There’s this polictician who thought it would be a grand idea to sponsor a referendum to put to ballot a measure that specifically excludes these protections for gay and lesbians citizens.  Sad to say more than 100,000 of my fellow Washingtonians signed the measure, but calm rationale heads prevailed: 

Referendum 65 will not appear on the ballot.

2 thoughts on “Off Topic: "OK to discriminate" referendum defeated

  1. Bobb Robb

    There is no need for laws like these.

    “When examined from a philosophical standpoint, such laws are nothing more than the legal right to trespass. A qualified individual may demand service against the will of the owner. He may demand to be hired, or not to be fired, against the will of the owner. He may demand a higher salary or a promotion, against the will of the owner.

    If the free market embodies the idea of contract, civil rights embodies what Barry Smith has called the spromise. A spromise commits a third party to act against his will. As the owner of the business, you may wish to stop paying an employee and terminate his employment. Civil rights say you may not, without the permission of the government.
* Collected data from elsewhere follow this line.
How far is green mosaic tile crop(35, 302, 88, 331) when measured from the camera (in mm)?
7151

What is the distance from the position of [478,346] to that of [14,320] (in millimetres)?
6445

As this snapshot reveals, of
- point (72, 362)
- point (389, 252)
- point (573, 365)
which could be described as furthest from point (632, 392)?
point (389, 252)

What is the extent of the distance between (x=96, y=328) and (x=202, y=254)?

    Just recently, 99 white male troopers in Maryland collected $3,500 each in back pay on grounds that they had been discriminated against in promotions. I don’t doubt that they were, but I’m suggesting a more peaceful solution. Let’s return all decisions about hiring, firing, promotion, and access to the market. That means getting the government and the courts out of the business of enforcing equality once and for all.
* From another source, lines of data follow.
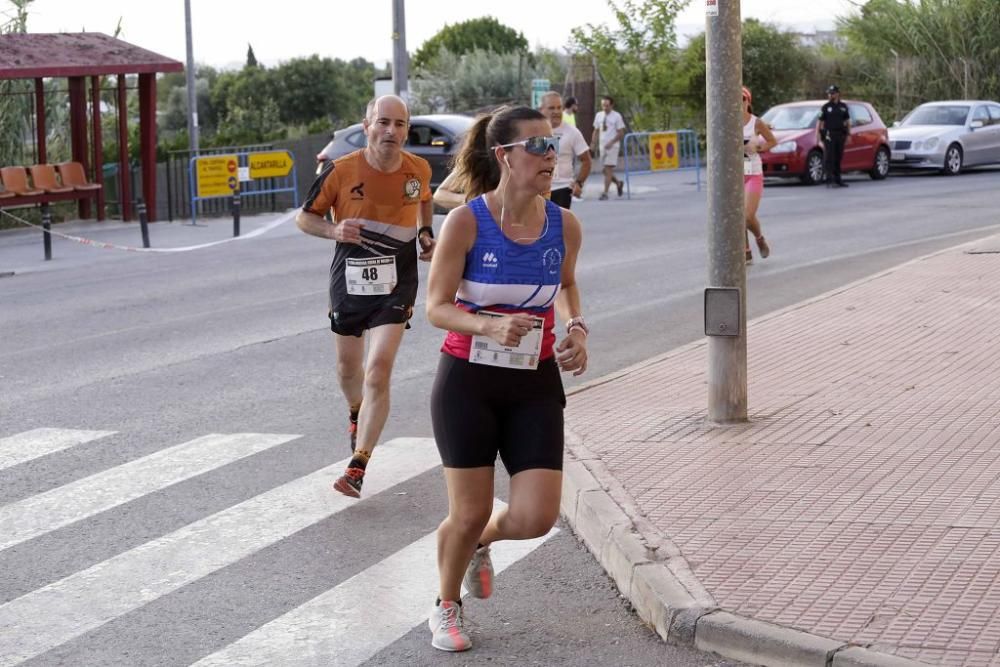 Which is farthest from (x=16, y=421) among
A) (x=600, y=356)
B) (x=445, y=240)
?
(x=445, y=240)

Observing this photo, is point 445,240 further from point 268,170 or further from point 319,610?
point 268,170

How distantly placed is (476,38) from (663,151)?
41.5 m

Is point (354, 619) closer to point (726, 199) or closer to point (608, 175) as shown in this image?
point (726, 199)

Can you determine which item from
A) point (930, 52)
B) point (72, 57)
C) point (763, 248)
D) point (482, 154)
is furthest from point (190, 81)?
point (482, 154)

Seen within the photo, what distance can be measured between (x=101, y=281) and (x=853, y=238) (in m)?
9.23

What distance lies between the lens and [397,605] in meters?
5.85

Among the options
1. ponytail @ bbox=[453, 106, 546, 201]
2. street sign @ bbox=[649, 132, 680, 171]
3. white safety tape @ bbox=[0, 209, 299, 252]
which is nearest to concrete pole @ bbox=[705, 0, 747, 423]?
ponytail @ bbox=[453, 106, 546, 201]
    But that solution is nowhere in sight. The courts enforce an egalitarianism that tolerates no acknowledgement of differences among people. This denies the obvious. People do differ radically in their talents and weaknesses, their determinations to succeed, their mental facilities, their attitudes and character, their physical abilities, their environments, and their physical makeup. Moreover, these differences appear not only in individuals but also appear systematically among groups.

    Men as a group, for example, are different from women as a group. Northerners are different from Southerners. Californians are different from Texans. Catholics are different from Baptists. Blacks are different from whites. Immigrants are different from natives. The rich are different from the poor. These differences should not be denied, but celebrated, for they are the very source of the division of labor.

    Yet our central government attempts to stamp out all these difference[s] by forcing individuals and businesses to act as if they did not exist. The primary means has been the criminalization of our most serious secular sin: discrimination. There can be no actions in American life – save the decision of whom to marry – that discriminates on the grounds of any number of criteria as defined by the government. If anyone commits this sin, he can forget the confessional or forgiveness. The heavy penance is cash handed over to the government and the special interests, with half going to the lawyers who arranged the transfer.”